Nicht nur Demokraten im Kongress bezeichnen Kennedys Politik als „Gefahr für die öffentliche Gesundheit“ – auch an der Wall Street werden kritische Stimmen laut. So forderten die Analysten von Cantor Fitzgerald bereits Ende März eine Absetzung des Gesundheitsministers. Zuvor hatte Kennedy den Rücktritt des FDA-Offiziellen Peter Marks erzwungen, der für die Regulierung von Impfstoffen zuständig war.

Bekenntnis von Trump

Die Biotech-Strategen von Cantor Fitzgerald sprachen von einer „Attacke auf die Wissenschaft“. Es stünden durch Kennedys Politik nicht nur Pharma-Gewinne auf dem Spiel, sondern auch Menschenleben. Trump gab im September indes ein klares Bekenntnis zu seinem Gesundheitsminister ab, als er bei einem gemeinsamen Auftritt im Weißen Haus nicht nur vor dem Einsatz des Schmerzmittels Tylenol in der Schwangerschaft warnte, sondern auch empfahl, Kindern die Vakzine gegen Masern, Mumps und Röteln getrennt zu verabreichen. Dies, obwohl in den Vereinigten Staaten ebenso wie im Rest der Welt Kombinationsimmunisierungen gegen die drei Krankheiten üblich sind und Ärzten in der Regel gar keine separaten Impfstoffe zur Verfügung stehen.

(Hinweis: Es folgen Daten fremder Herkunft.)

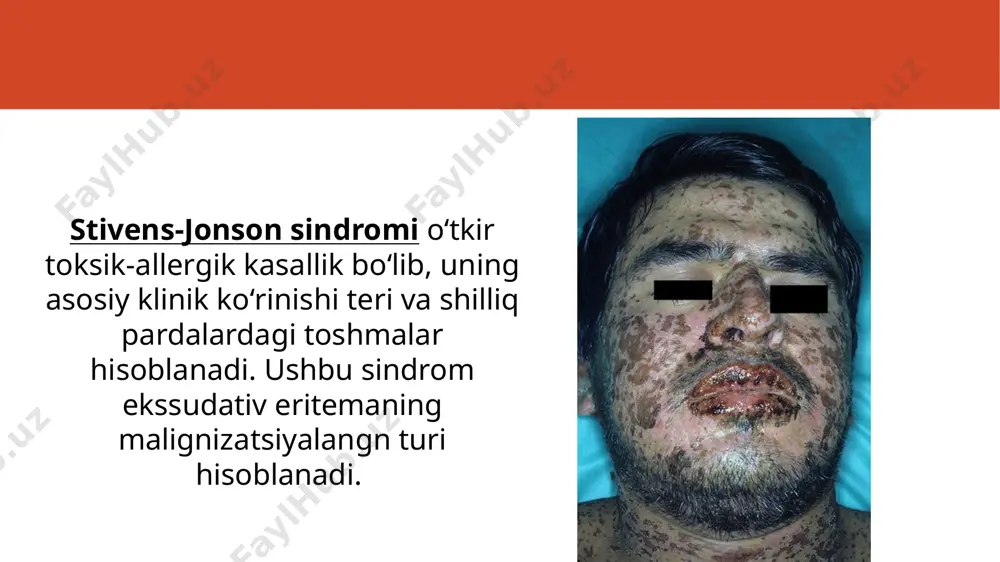 erining epitelizatsiyasini tezlashtirishga olib keladi. ogʻir yoki surunkali, takroriy holatlar uchun kortikosteroidlar qoʻllash mumkin[4]. davolash uchun desensibilizatsiya qiluvchi dorilar (dimedrol, suprastin, tavegil, klaritin), yalligʻlanishga qarshi dorilar (salitsilatlar), kaltsiy preparatlari va levamizol, kortikosteroidlar va detoksikatsiya qiluvchi terapiya qoʻllanadi. ▪️. vitamin terapiyasidan foydalanish (b vitaminlari, askorbin kislotasi) mumkin emas, chunki bunday vitaminlarning oʻzi kuchli allergen hisoblanadi. 🔸mahalliy davolash yalligʻlanishni bartaraf etish, shish va yalligʻlangan teri hududlarining epitelizatsiyasini tezlashtirishga qaratilgan boʻladi. ▪️. ular ogʻriq qoldiruvchi vositalardan (trimekain, lidokain), antiseptik preparatlardan (furatsilin, xloramin va boshqalar), proteolitik fermentlardan (tripsin, ximotripsin) foydalanadilar. 🔸️kasallikning remissiya davrida bolalar ogʻiz boʻshligʻini tekshirib turish va sanatsiya qilish, yuqori sezuvchanlik aniqlangan holatda allergen bilan giposensibilizatsiya qilishlari kerak. image1.jpeg image2.jpeg image3.jpeg image4.jpeg image5.png image6.png image7.png media1.mp4 image8.png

Moderna will sich gegen die adverse Kapitalmarktstimmung stemmen. Mitgründer und Chairman Noubar Afeyan betonte gegenüber der „Financial Times“ zuletzt, die hohe Leerverkaufsaktivität beeinflusse das Unternehmen nicht in seinen Entscheidungen. Stattdessen geht der Verwaltungsratsvorsitzende in die Offensive: Die Menschen hätten aus den Augen verloren, dass sie eine potenzielle Infektionsquelle für andere darstellten. Wer sich nicht impfen lasse, sei „kein unschuldiger Zuschauer, sondern ein Täter“.

Trendwende angepeilt

Moderna, die aufgrund ihrer bisher engen Fokussierung auf Impfstoffe nach Ansicht von der Investmentbank William Blair kein gutes Akquisitionsziel für einen großen Pharmakonzern darstellt, will Tore zu neuem Wachstum aufstoßen. So sollen ausgeweitete Verkäufe in Märkte abseits der USA das nötige Cash generieren, um die Forschung an der Anwendung von mRNA-Technologie gegen Krebs voranzutreiben.

Mit den Ergebnissen zum dritten Quartal überraschte Moderna zuletzt bereits positiv, der Umsatz ging weniger stark zurück als befürchtet und der Verlust reduzierte sich gegenüber den ersten neun Monaten 2024 deutlich. Mit den angekündigten radikalen Kostensenkungen kommt das Unternehmen nach eigenen Angaben schneller voran als erwartet, zugleich hat das Management die Prognose für die Entwicklung der Cash-Reserven aufgehellt. Dennoch zweifeln Investoren daran, dass Moderna wie angekündigt bis 2028 wieder schwarze Zahlen schreibt. Jedes Signal in die andere Richtung dürfte Shortsellern neuen Rückenwind verleihen.